The CEO Who Came in from the Cold
"It was a very good and steady account," Rautenberg recalls, quickly adding, as a point of honor, that he always billed his Valley-branch customer 10% to 20% less for export-documentation services than he charged most of his regular commercial customers. Those services -- which include issuing airway bills; lining up export licenses; and preparing commercial invoices, customs declarations, and insurance papers -- often account for most of a freight forwarder's revenues.
"It was, for me," he says, "a loss leader. It was a volume discount. I wanted to prove to Air Asia's suppliers" -- which included the cream of Southern California's aerospace establishment -- "that I could do a good job for them. My goal was to do a service for my country and build up my business."
* * *One problem did surface early on. The CIA-run ASF office inherited a team of union workers from the previous CIA-run packing operation, AOPS. "I needed union problems like I needed a hole in my head," Rautenberg says, recalling his concern that, with a nose in the ASF tent, the teamster camel would soon push all the way into Rautenberg's growing but nonunion work force. His fears were justified; shortly after the Valley branch opened, teamster organizers began visiting the real ASF facility and talking to employees.
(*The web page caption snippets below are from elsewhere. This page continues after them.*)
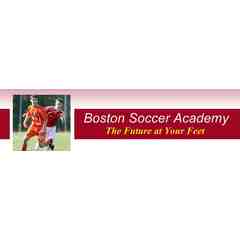 Boston Soccer Academy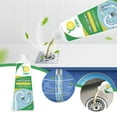 thumbnail image 1 of Uscallm Heavy Duty Pipe Declogger Deodorizer, Powerful Pipe Deodorizer Eliminator, Sewer Drain Sink Toilet Odor Remover, Long Lasting Drain Maintenance Treatment, 1 of 8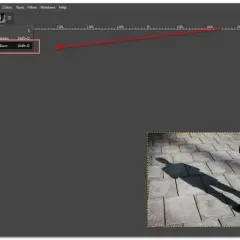 Jak usunąć cień ze zdjęcia w Photoshopie i uzyskać profesjonalny efekt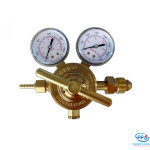 HP Gas Regulator MORRIS 203-50M-N2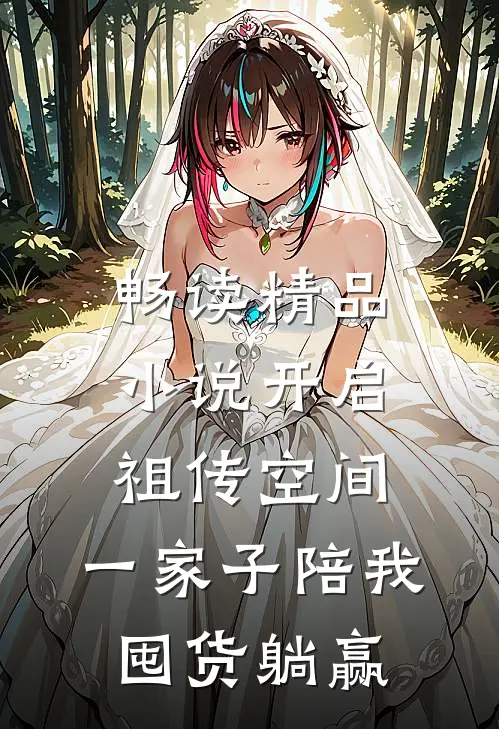 畅读精品小说开启祖传空间，一家子陪我囤货躺赢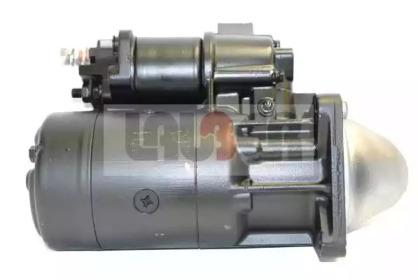 Lauber 22.1170 Starter Lauber 22.1170 Starter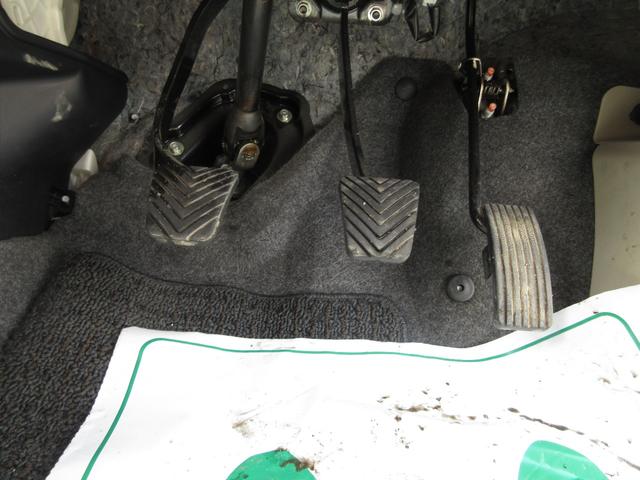 ｅＫワゴン Ｍ　車検２年付　５ＭＴ　キーレス（23枚目）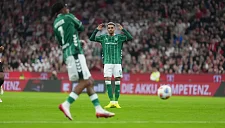 Руководство «Вердера» прокомментировало поражение от «Баварии» в Бундеслиге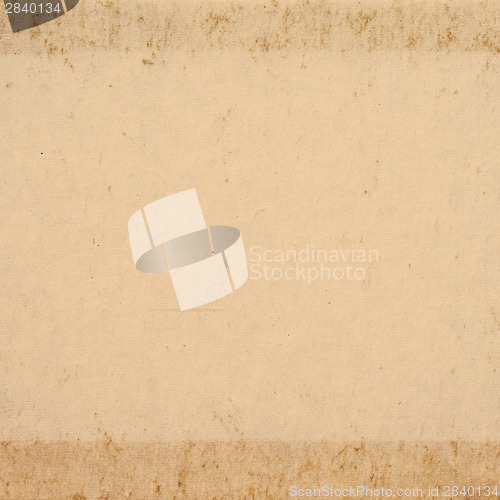 Image of Old paper texture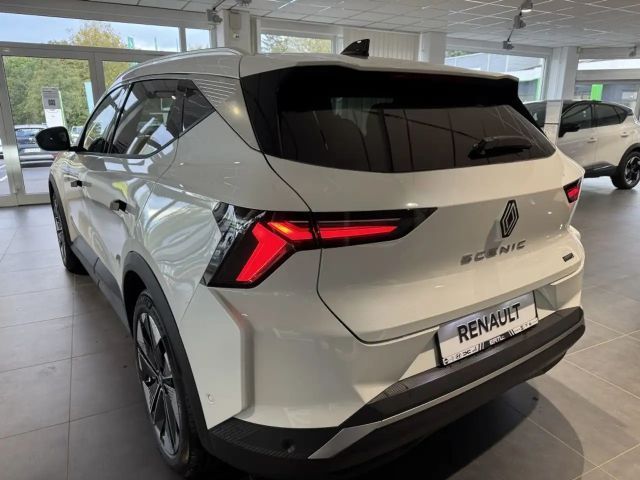 Renault Scenic Comfort Techno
Worried, Rautenberg called in lawyer George Elmendorf from O'Melveny & Myers.
"I don't know exactly how they solved the problem," Rautenberg says. "But I do know they sent someone to talk with union officials in Washington." The result: the next contract between the CIA-run ASF Valley branch and the union included a provision stipulating that the teamsters would not attempt to unionize the real ASF office.
"When these guys wanted to get something done," Rautenberg says, still savoring the moment, "it got done."
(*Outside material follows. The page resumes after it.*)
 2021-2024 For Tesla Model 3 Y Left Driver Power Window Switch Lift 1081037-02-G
Initially, most of Rautenberg's time was consumed with working out the operational details of his silent partnership with Uncle Sam, so much so, he says, that he was forced to neglect the commercial side of his freight-forwarding business. There were paperwork hassles to divert tax and customs authorities; the need to camouflage sensitive shipments, for example, led to a number of creative approaches, like the special labeling of crates whose true contents still had to be insured, requiring yet another set of documents. While ASF's annual CIA-related revenues skyrocketed to more than $40 million in the mid-1960s, its commercial revenues sagged.
Rautenberg, however, sensed a bigger opportunity. While he was losing small customers left and right, he started replacing them with more sizable accounts from the ranks of the commercial CIA suppliers who had grown accustomed to working with the CIA-run branch of ASF. "I knew that we were really two separate entities," Rautenberg says, "but the suppliers didn't know that. All they knew was that Air-Sea Forwarders was already doing a great job for them."
It was not uncommon, for instance, for a CIA-ASF shipment to be picked up one afternoon, clear customs the same evening, and be on a plane by midnight. "That kind of speed and efficiency was unheard of in the freight-forwarding business," Rautenberg notes, explaining that the CIA-owned Air Asia had a special arrangement with the U.S. Customs Service. "Their stuff moved like greased lightning," he says.
With the CIA helping to build customer loyalty, Rautenberg worked tirelessly at parlaying his growing market niche. "I made my money off Air Asia's suppliers," he says, referring to the many aerospace companies that had a variety of freight-forwarding needs not connected to servicing Air Asia or the CIA. "They sought me out." Although he was not able to offer those commercial customers the same unusually rapid service provided by the CIA-ASF branch, the real ASF was still quite a bit quicker than most of the other freight forwarders, especially when it came to shipping aircraft parts and supplies.
Rautenberg used a variety of techniques to build his clientele. Long before it became fashionable in the freight-forwarding industry, he emphasized customer service. ASF's main office ran a night shift, unusual in those days, and stayed open on weekends. Customers could drive up at any time and drop off freight or check on incoming shipments. Meanwhile, Rautenberg and his crew worked the phones constantly, soliciting business and shepherding goods around the world.
ASF began to grow in earnest, adding an office in San Francisco in 1960. In 1962 it opened a Tokyo office, mainly to expedite Air Asia shipments to Southeast Asia. Commercial customers were also clamoring for an ASF presence in Europe. "They would tell me they wanted to use ASF everywhere," Rautenberg recalls. The Paris office opened in 1965, creating a lucrative pipeline from Southern California's aerospace industry to Europe's burgeoning airlines. At the same time, Rautenberg was busy putting together a string of domestic ASF offices strategically located near the major Air Asia suppliers that now made up the core of his customer base. Additional ASF offices soon opened in San Diego, New York City, and Newark.